**EXERCISE INSTRUCTIONS**
Please copy out the entries below exactly, beginning with the line that contains "So starting off" and ending with the line that contains "And then finally, we", and include nothing outside that span.

**PROVIDED DATA**
<<<<

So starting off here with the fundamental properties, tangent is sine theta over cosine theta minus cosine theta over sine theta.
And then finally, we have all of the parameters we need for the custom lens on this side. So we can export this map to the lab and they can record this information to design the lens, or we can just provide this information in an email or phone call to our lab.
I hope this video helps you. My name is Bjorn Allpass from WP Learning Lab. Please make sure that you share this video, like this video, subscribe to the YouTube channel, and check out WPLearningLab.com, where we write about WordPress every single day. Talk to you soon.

>>>>
<<<<

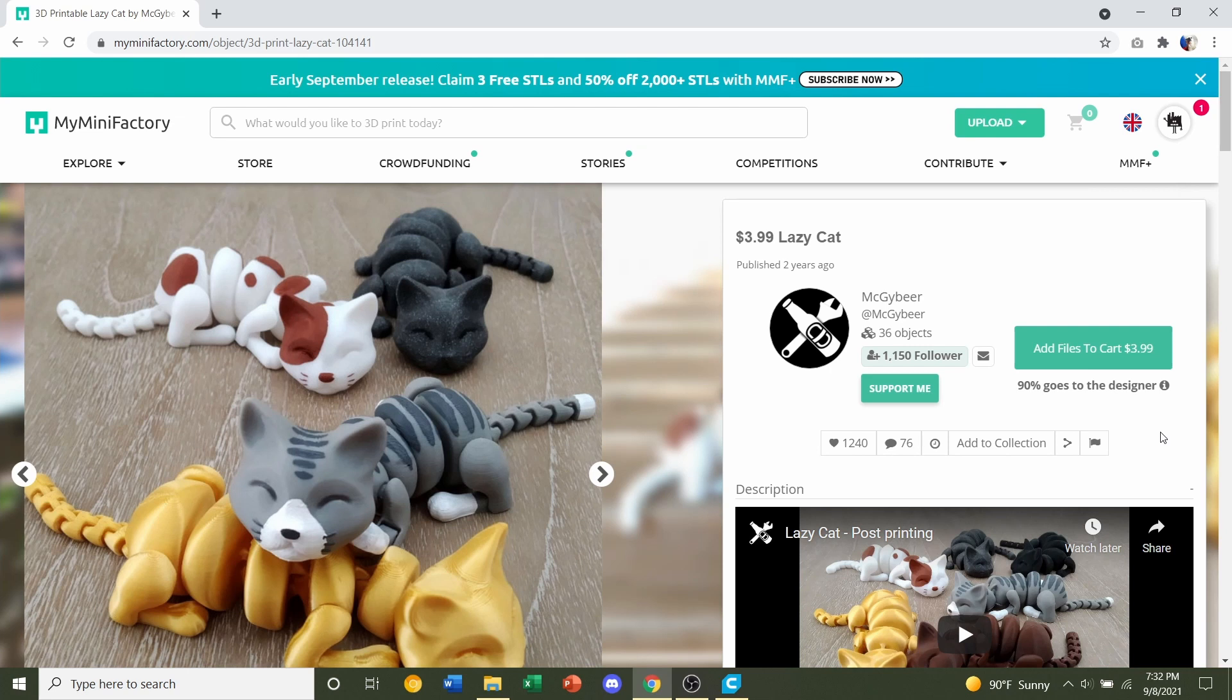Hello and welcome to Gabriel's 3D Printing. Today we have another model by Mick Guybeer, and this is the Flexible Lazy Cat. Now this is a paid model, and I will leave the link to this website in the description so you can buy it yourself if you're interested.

>>>>
<<<<

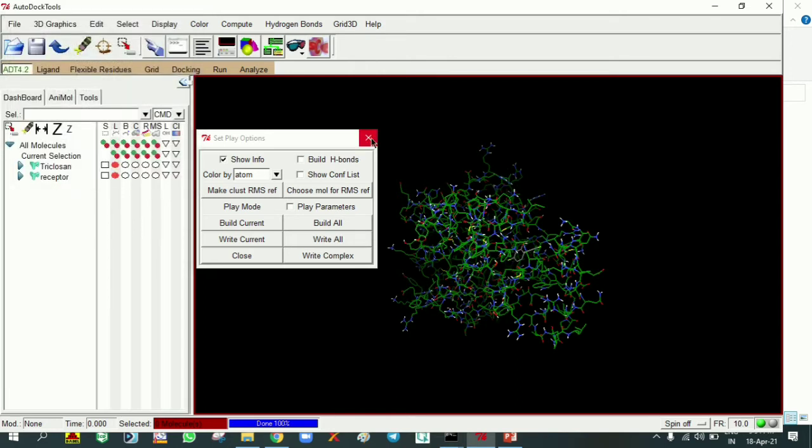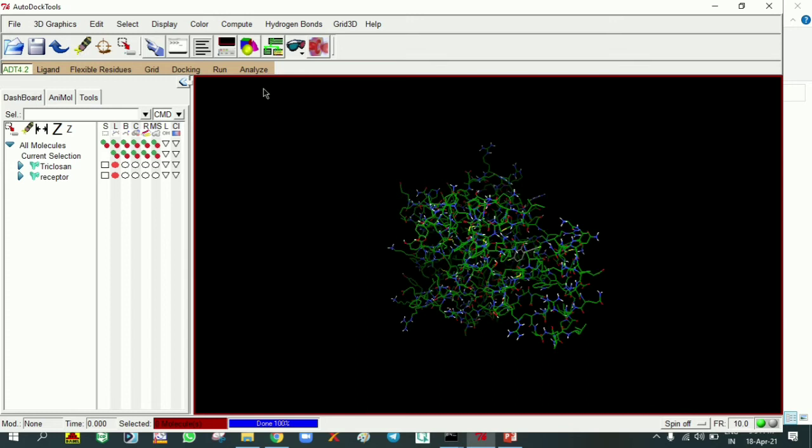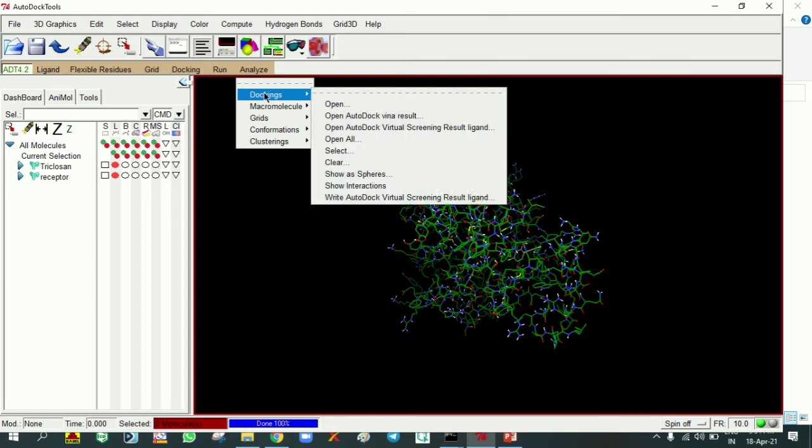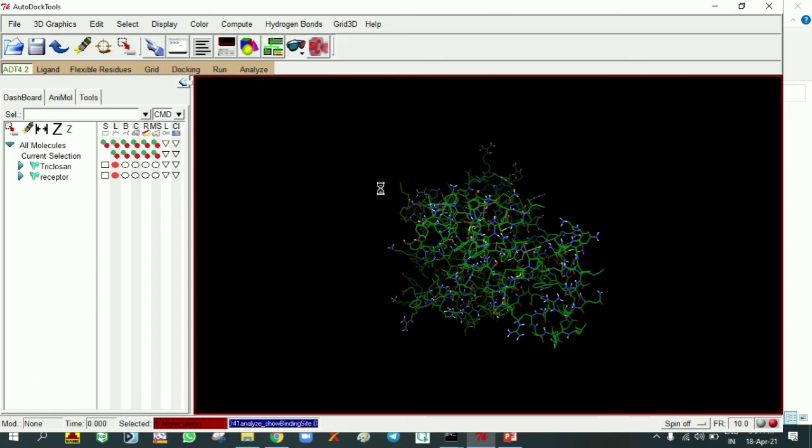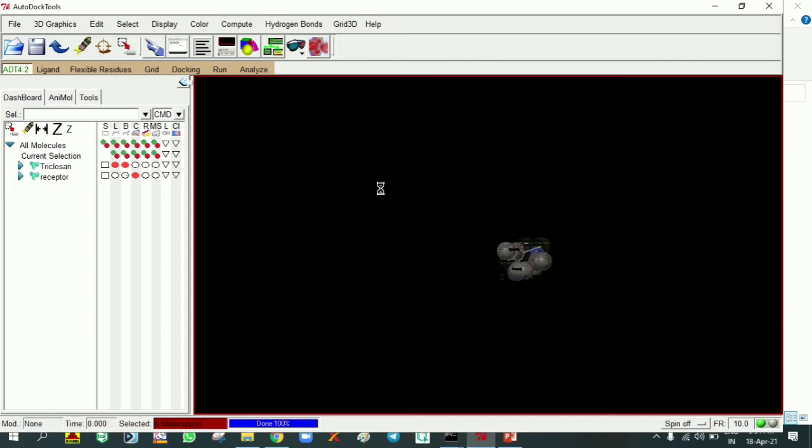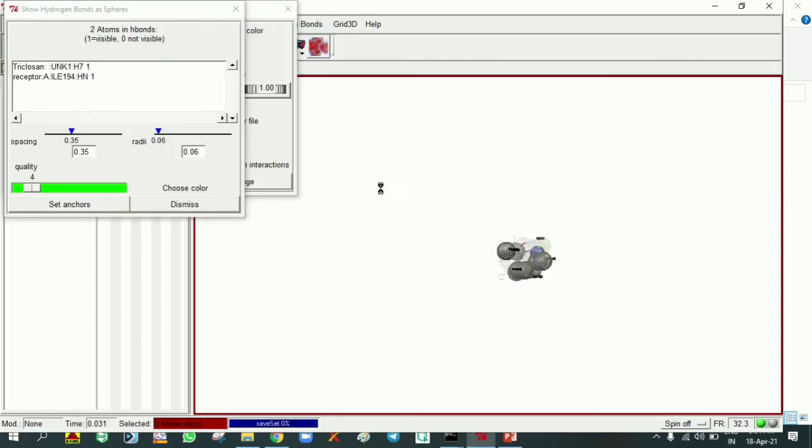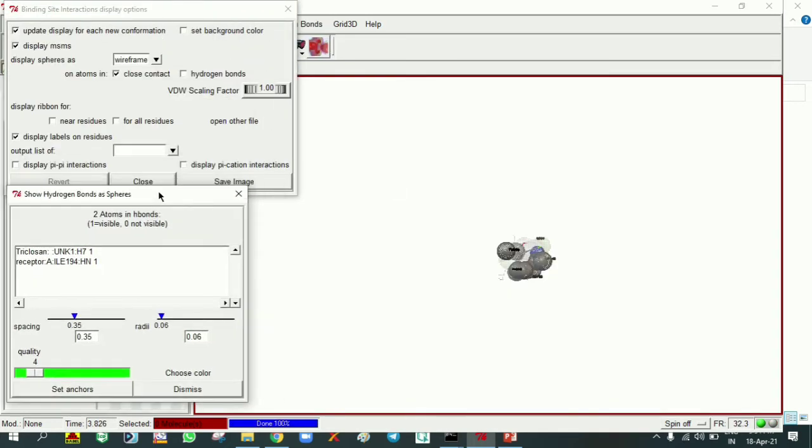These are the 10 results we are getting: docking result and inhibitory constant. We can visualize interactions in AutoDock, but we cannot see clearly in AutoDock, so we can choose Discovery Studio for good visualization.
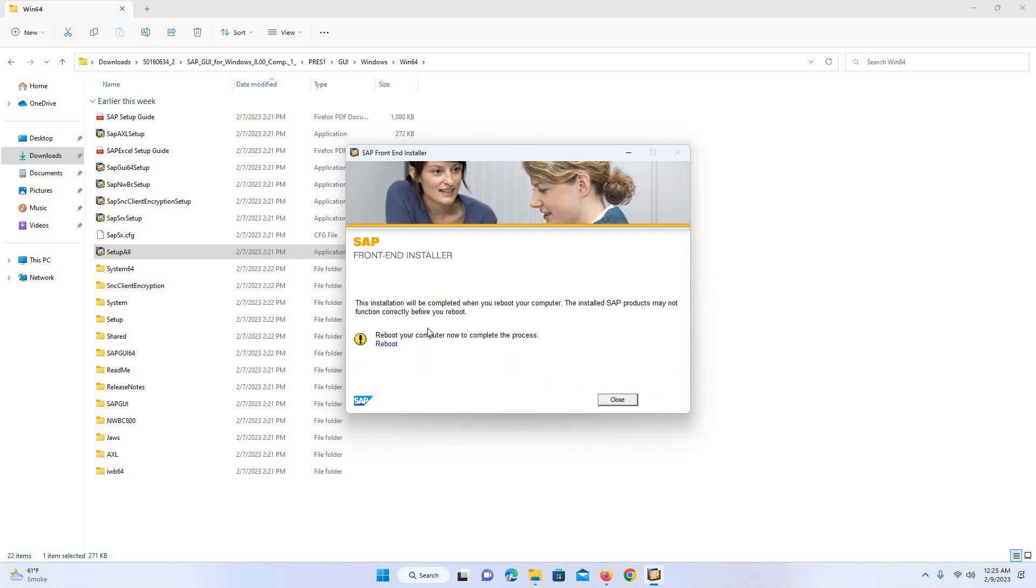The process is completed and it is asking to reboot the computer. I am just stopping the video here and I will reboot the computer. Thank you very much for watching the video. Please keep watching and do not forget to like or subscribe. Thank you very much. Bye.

>>>>

**SOLUTION TO THIS EXERCISE**
So starting off here with the fundamental properties, tangent is sine theta over cosine theta minus cosine theta over sine theta.
And then finally, we have all of the parameters we need for the custom lens on this side. So we can export this map to the lab and they can record this information to design the lens, or we can just provide this information in an email or phone call to our lab.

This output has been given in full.